I would like to abstract out this common data to a single database but still let the other databases join on these tables, even have keys to enforce constraints, etc... I'm in a MsSql environment.

enter image description here

What are the options available? The way I see it, I have the following options:

  • Linked servers
  • Read only logins to give access to views

Is there anything else to consider?

Answer

Registered User picture Registered User · May 6, 2013

There are many ways you could tackle this problem. I would strongly recommend either solutions 1, 2, or 3 depending upon your business needs:

  1. Transactional Replication: If the common database is the record of account and you want to provide read-only versions of the data to separate applications, then you can replicate the core tables, possibly even just the core columns of tables, to each separate server. One upside of this approach is that you can replicate to as many subscriber databases as you want. This also means you can customize which tables and fields are available to the subscribers based on their needs. So if one application needs user tables and not vendor tables, then you only subscribe to the user tables. If another only needs vendor tables and not user tables, then you can subscribe to the vendor tables only. Another upside is that replication keeps itself synched and you can always reinitialize a subscription if a problem comes up.

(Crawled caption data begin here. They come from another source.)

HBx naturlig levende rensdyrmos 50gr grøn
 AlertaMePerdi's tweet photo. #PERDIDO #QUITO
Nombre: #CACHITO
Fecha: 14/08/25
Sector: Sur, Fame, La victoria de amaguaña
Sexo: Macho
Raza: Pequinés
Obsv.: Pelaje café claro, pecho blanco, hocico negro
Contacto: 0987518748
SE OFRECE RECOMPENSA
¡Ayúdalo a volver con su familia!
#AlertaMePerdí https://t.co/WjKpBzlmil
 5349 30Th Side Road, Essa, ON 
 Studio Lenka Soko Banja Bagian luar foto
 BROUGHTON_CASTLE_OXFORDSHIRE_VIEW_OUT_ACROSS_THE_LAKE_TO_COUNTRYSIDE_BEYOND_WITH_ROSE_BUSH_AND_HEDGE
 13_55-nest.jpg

    I have used transactional replication to push out over 100 tables from a data warehouse to separate downstream applications that needed access to aggregated data from multiple systems. Since our data warehouse was updated on an hourly scheduled from mirror and log shipping data sources, the production applications had data from numerous systems within a sliding window of 20 to 80 minutes each hour.

    Peer-to-Peer transactional replication as a publication type may be better suited for the use-case you provided. This can be really useful if you want to roll out schema or replication changes node by node. Standard transactional replication has some limitations in this area.

    Snapshot replication publication types has more latency than transactional publications, but you may want to consider it if a degree of latency is acceptable.

    Although you mentioned you are a Microsoft SQL Server shop, please keep in mind other RDBMs have similar technologies. Since you are talking about MS SQL Server specifically, please note transactional replication does allow you to replicate to Oracle databases, too. So if you have a few of these in your organization, this solution can still work.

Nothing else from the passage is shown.